INSTRUCTIONS FOR THE TASK:
Every line of the material is to be quoted verbatim, minus the pictures.

STORED DATA:
■ ■ ■
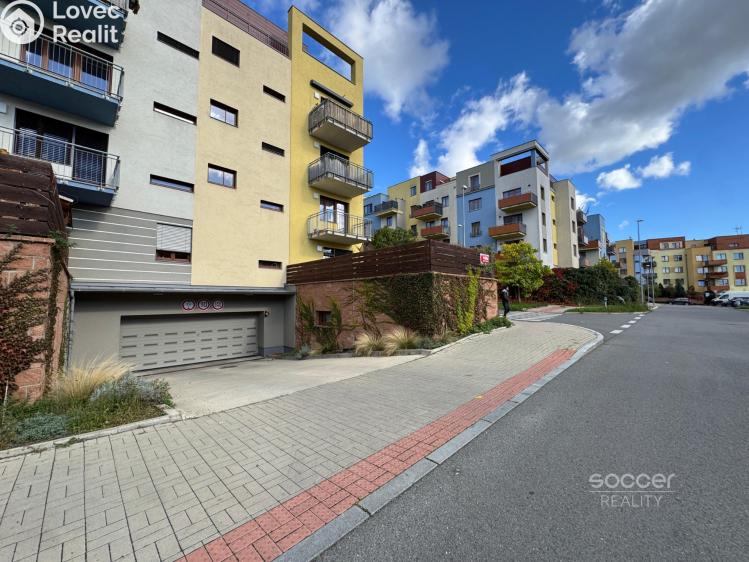 Pronájem garážového stání Praha, Fojtova č. 6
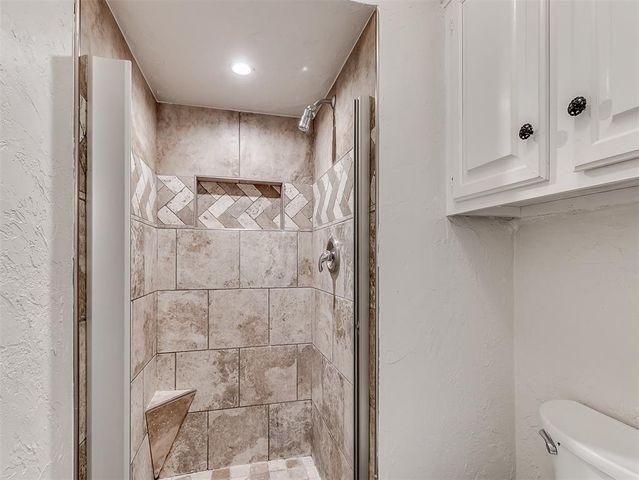 3513 Wynn Circle, Edmond, OK 73013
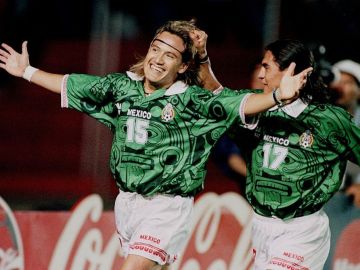 Luis Hernández y Francisco Palencia festejando un gol con la selección mexicana.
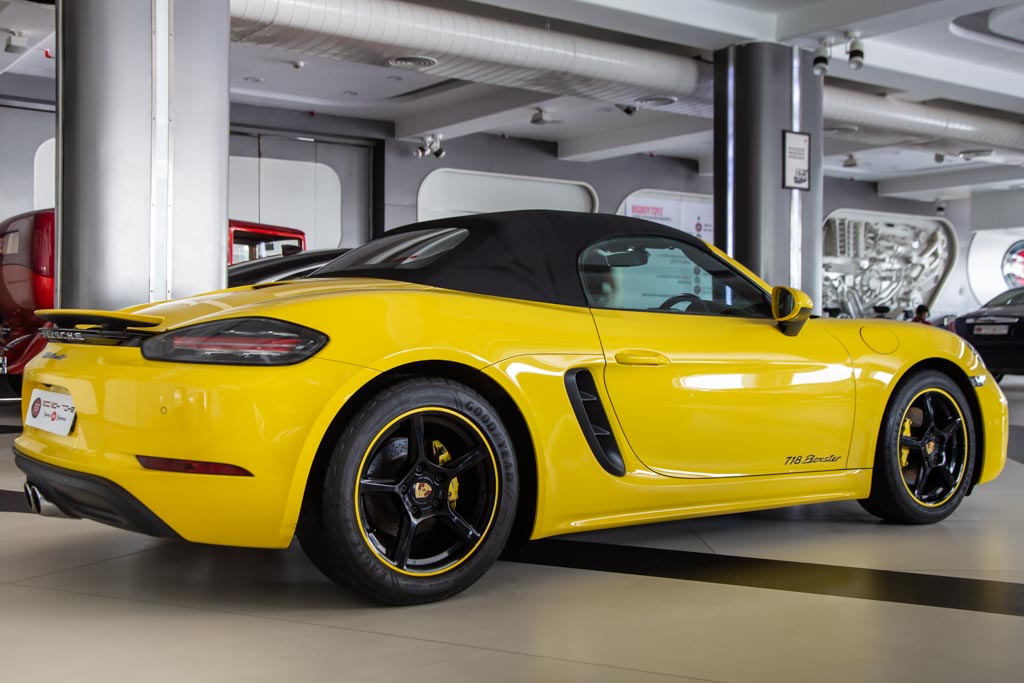 Porsche 718 Boxster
■ ■ ■
SOLUTION TO THIS EXERCISE:
 Pronájem garážového stání Praha, Fojtova č. 6
 3513 Wynn Circle, Edmond, OK 73013
 Luis Hernández y Francisco Palencia festejando un gol con la selección mexicana.
 Porsche 718 Boxster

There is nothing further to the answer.